State employment backtracked last month
Published 10:12 am Friday, September 21, 2012
By Adam Belz
Minneapolis Star Tribune
Minneapolis — The Minnesota jobs market lost momentum in August as employers cut 2,000 positions, punctuating the slow and uneven economic recovery in the state and across the country.
Most sectors of the state labor market contracted as the unemployment rate ticked up to 5.9 percent. Meanwhile, the state’s robust estimate for job creation in July was revised downward — from 6,800 to 4,800 net jobs.
“The labor market is still struggling to find its footing,” said Mark Phillips, commissioner of the Minnesota Department of Employment and Economic Development.
Most striking in the August report was the decline in manufacturing and construction jobs, as both sectors were producing a steady stream of new jobs over the past 12 months. But Minnesota manufacturers cut 2,700 jobs last month, erasing more than half the gains over the past year; construction companies dropped 1,300 jobs.
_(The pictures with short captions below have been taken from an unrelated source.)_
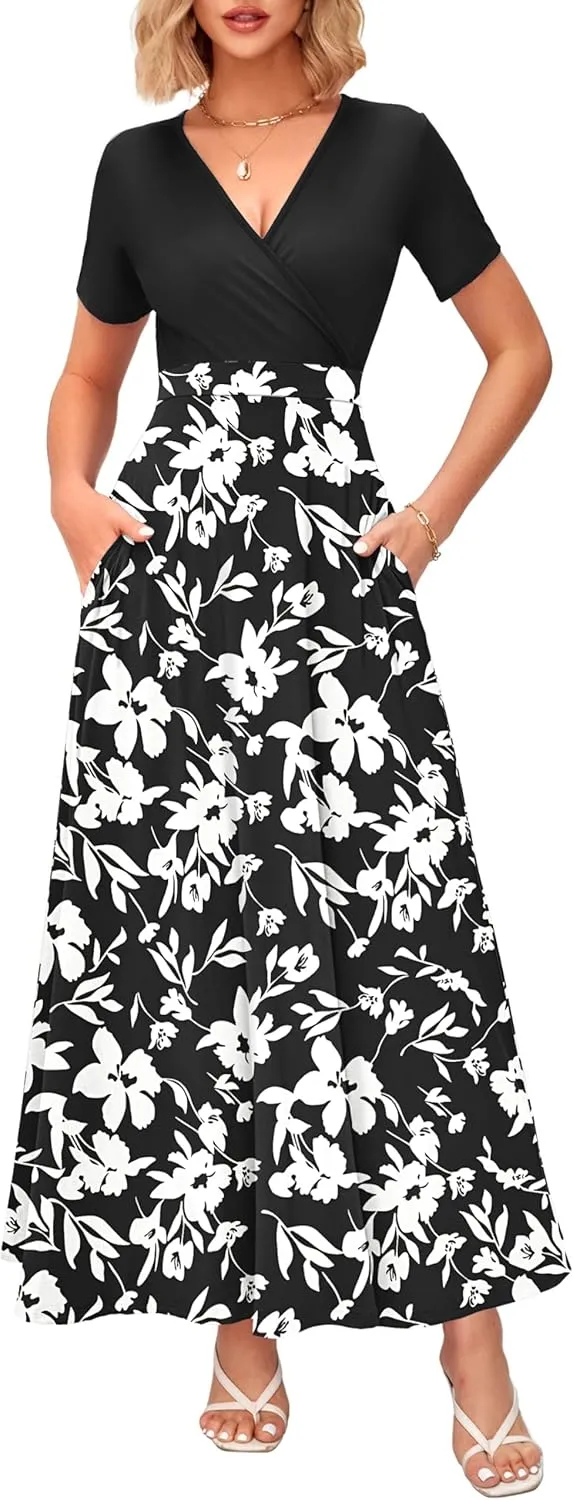 WNEEDU Women's Summer Maxi Dress Short Sleeves Wrap V Neck Long Dresses with Pockets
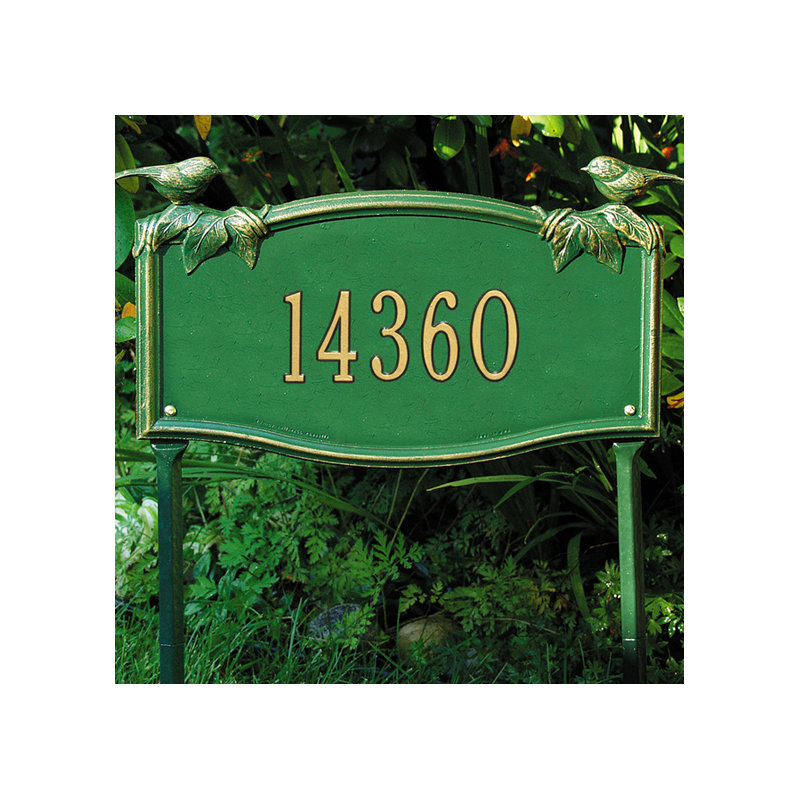 Chickadee 1-Line Lawn Address Sign, Yes, Antique Copper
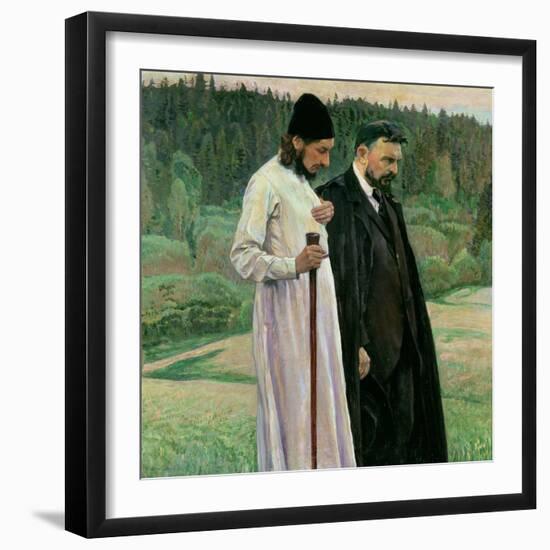 The Philosophers: Portrait of Sergei Nikolaevich Bulgakov and Pavel Aleksandrovich Florensky, 1917-Mikhail Vasilievich Nesterov-Framed Giclee Print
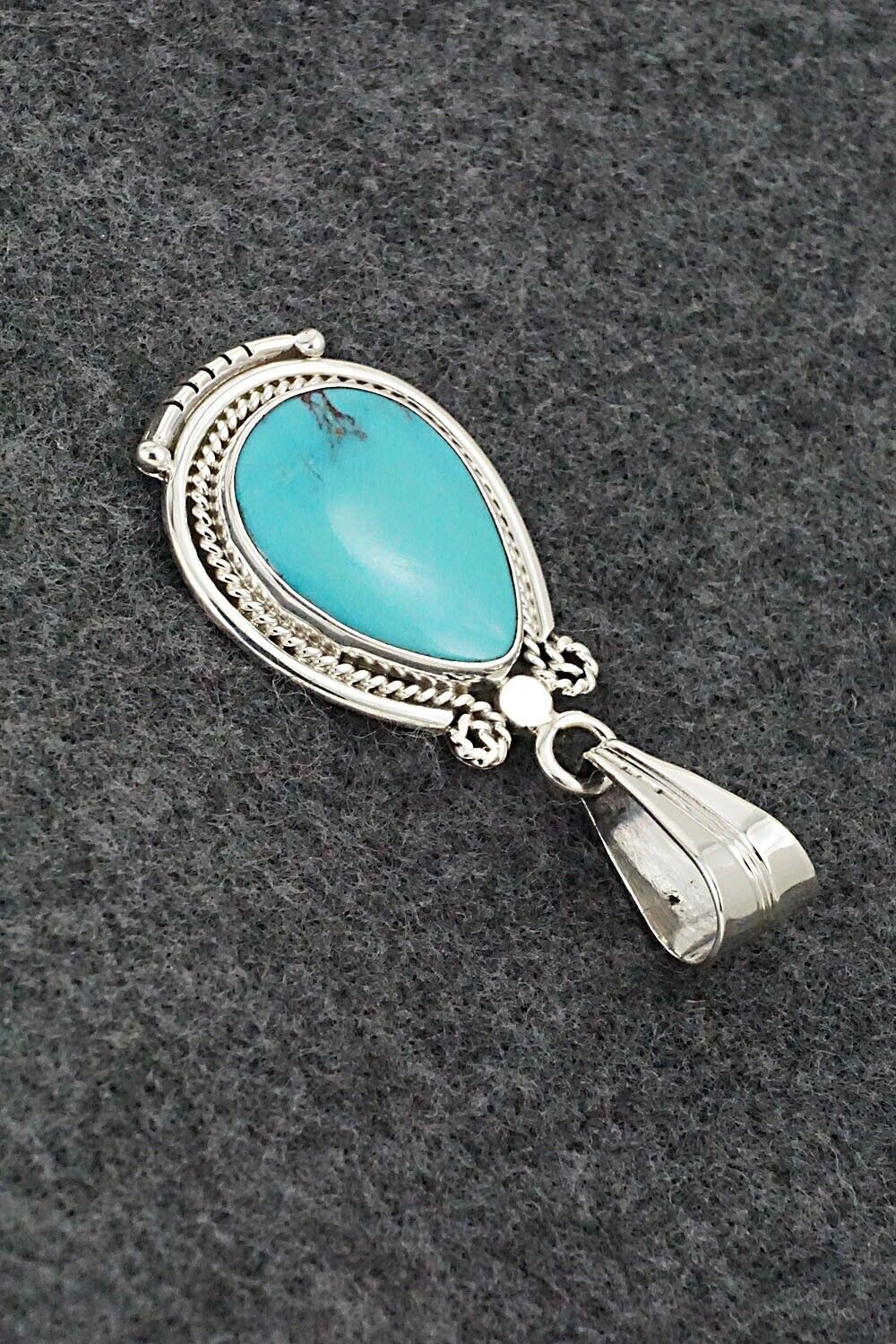 Turquoise & Sterling Silver Pendant - Samuel Yellowhair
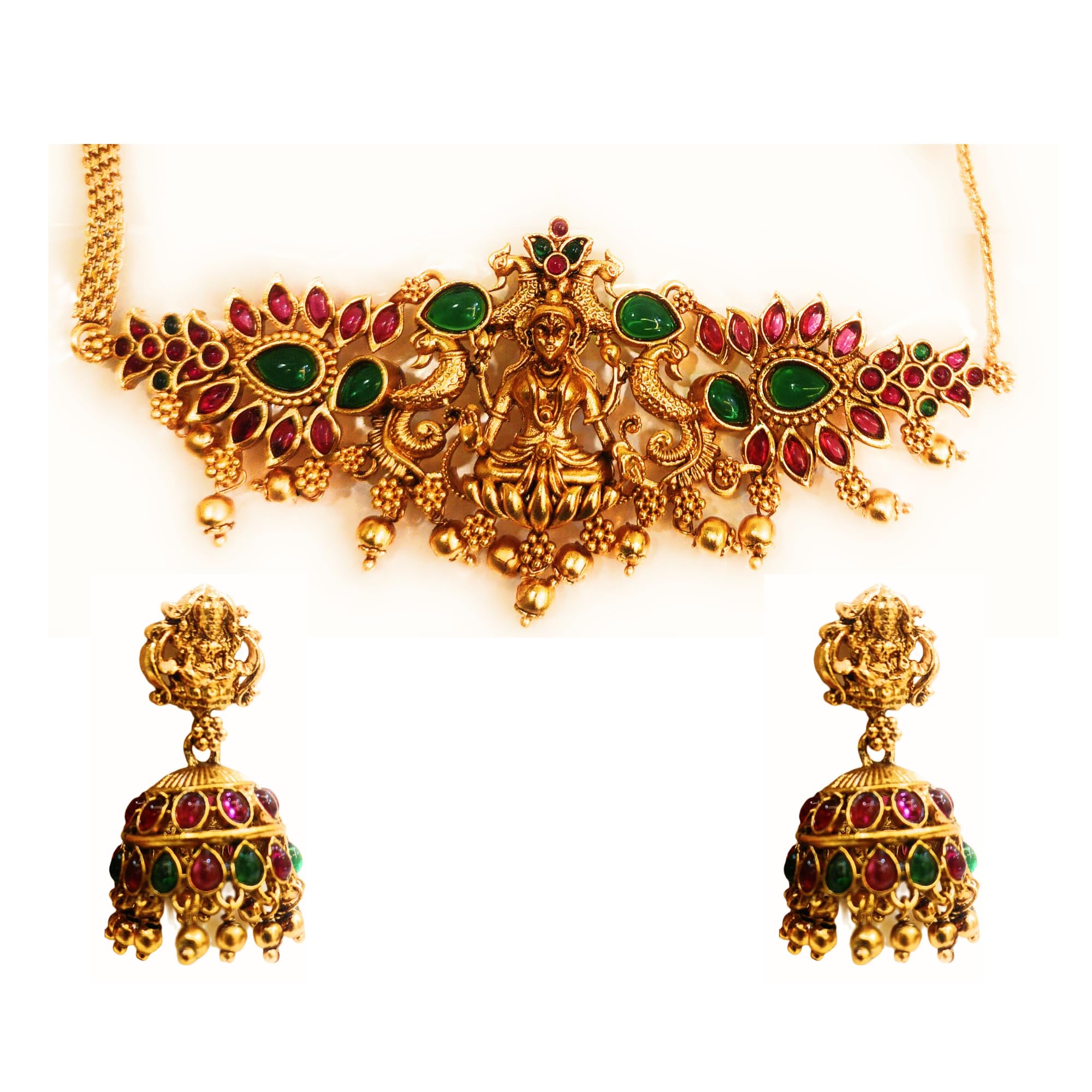 Aryavansh Emporium Lakshmi short choker Necklace Design South Indian Wedding Fashion Jewellery Necklace Set For Girls Women (B0CD69ZF97) Amazon Price History, Amazon Price Tracker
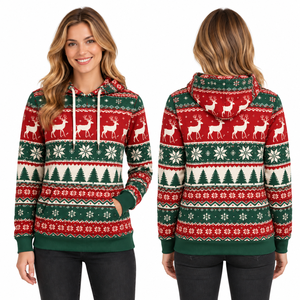 Women's Christmas Fleece Windproof Hoodie Knitted Winter Sweatshirt with Pockets Full Sleeve Hooded Design - Product Image 5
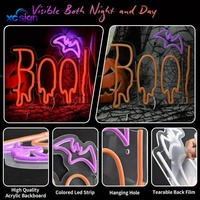 Enseigne néon LED Halloween motif chauve-souris avec texte, alimentée par USB pour voiture, maison, bar et décoration de fête - Montage mural et décoration murale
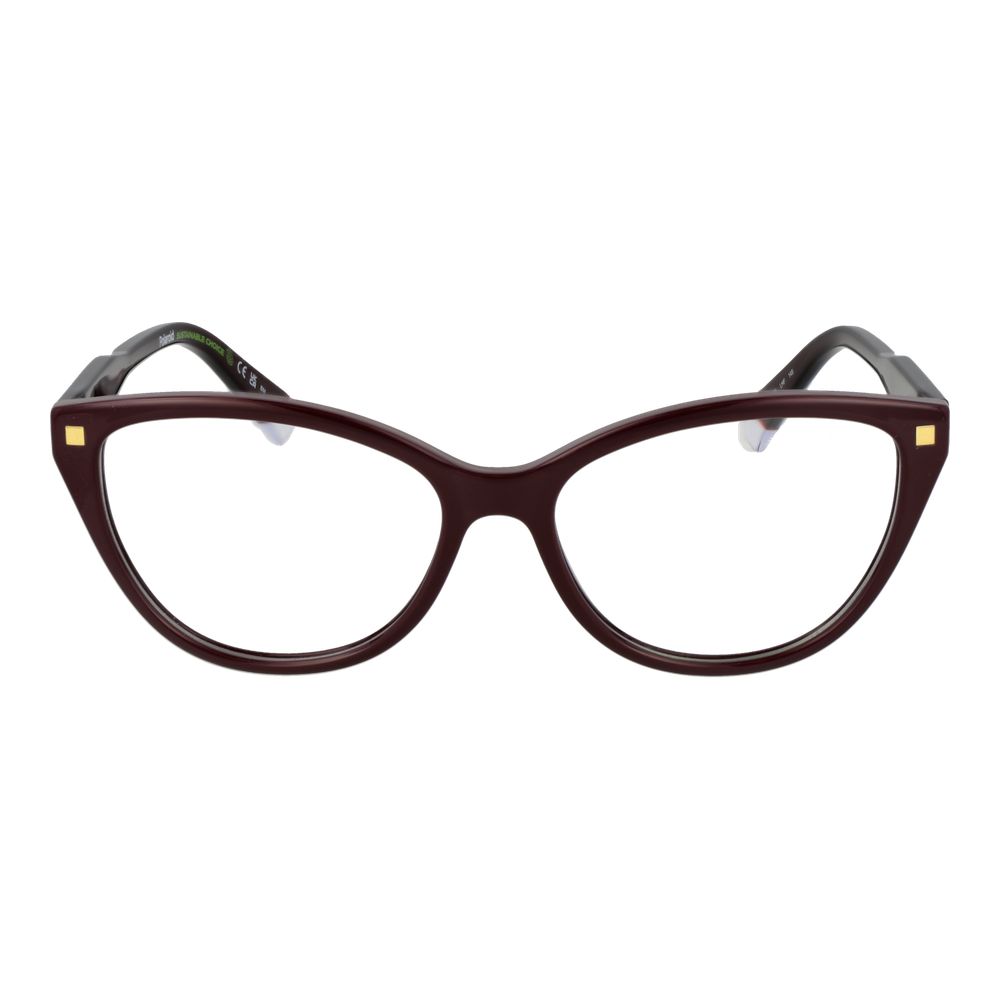 Burgundy Women Glasses Frame Polaroid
“We’ve been noticing a little softening in the manufacturing sector over the past few months,” said Toby Madden, an economist at the Federal Reserve Bank of Minneapolis.
In a state where 2.7 million people are working, the loss of 2,000 jobs could be little more than a rounding error, economists noted. Overall, Minnesota’s economy has created 24,500 jobs in the past 12 months and regained more than half the jobs lost in the Great Recession.
Some indicators are encouraging. The economy has added 3,800 professional jobs since April, mostly in well-paid computer professions and accounting. New claims for unemployment benefits fell by 1,400 in August to their lowest level since March 2008. Minnesota ranks fourth in the nation for the number of job openings per unemployed person, behind only its neighbors to the west.
“We fall behind the Dakotas and Nebraska, which is perhaps because few people want to live there,” joked Steve Hine, a labor market economist at DEED.
And monthly job surveys are not the final word on the health of the state economy. A more comprehensive quarterly census shows job growth may be stronger than the monthly reports portray.